It was there in the spacious veranda that Roy handed Mary the pin and told her exactly what Tom had asked him to say.
The chauffeur who saw Mr. Temple step into the touring car followed by Roy, carrying the golf sticks, was a little puzzled. He was still more puzzled to hear his master making inquiries about tracking. After they had gone a few hundred yards he was ordered to stop and then he saw Roy run back to the house and return with two more golf sticks which his master had forgotten.
If John Temple had had the least recollection of that scene in his own vacant lot in Bridgeboro, he might have recalled the prophetic words of Mr. Ellsworth, “by our fruits shall you know us, Mr. Temple.”
Doubtless, he had forgotten that incident. The tracking business, however, interested him; he was by no means convinced, but he was sufficiently persuaded to say the word which would free Tom. Roy’s assumption of full responsibility in regard to the golf sticks amused him, and Roy’s general behaviour pleased him more than he allowed Roy to know.
He had no particular interest in the scouts, but away down in the heart of John Temple was a wish for something which he could not procure with his check-book, and that was a son. A son like Roy would not be half bad. He rather liked the way the boy had sat on the coping and swung his legs.
[Chapter XV]
Lemonade and Olives
It fell out that on one of those fair August days there came out from Bridgeboro a picnic party of people who were forced to take their nature by the day, and following in the wake of these, as the peanutman follows the circus, there came that trusty rear-guard of all such festive migrations,—Slats Corbett, the “Two aces” (Jim and Jakie Mattenburg), two of the three O’Connor boys (the other one had mumps), and, yea, even Sweet Caporal himself.
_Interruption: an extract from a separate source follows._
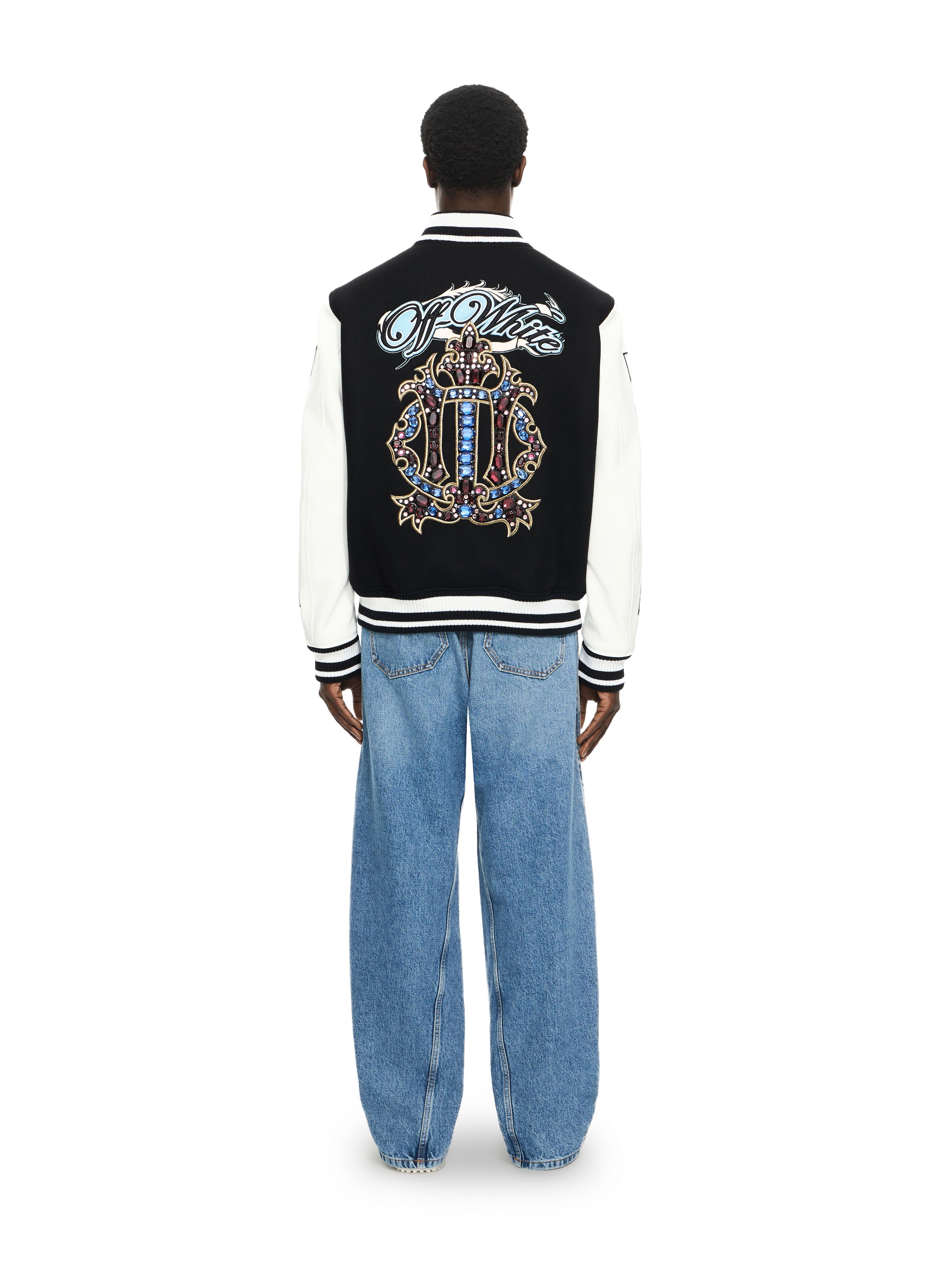 OFF WHITE Royal Jwls Lea Wool Varsity Jkt BLACK 44XJA122S26L001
The petrified mud of Bridgeboro was upon their clothes, the dust of it was in the corners of their unwashed eyes. They wore no badges but if they had these should have shown a leaden goat superimposed upon a tomato can, with a tobacco-label ribbon, so suggestive were they of street corners and vacant lots and ash heaps.
It was a singular freak of fate that the destiny of the carefullynurtured Connover Bennett should have been involved with this gallant crew.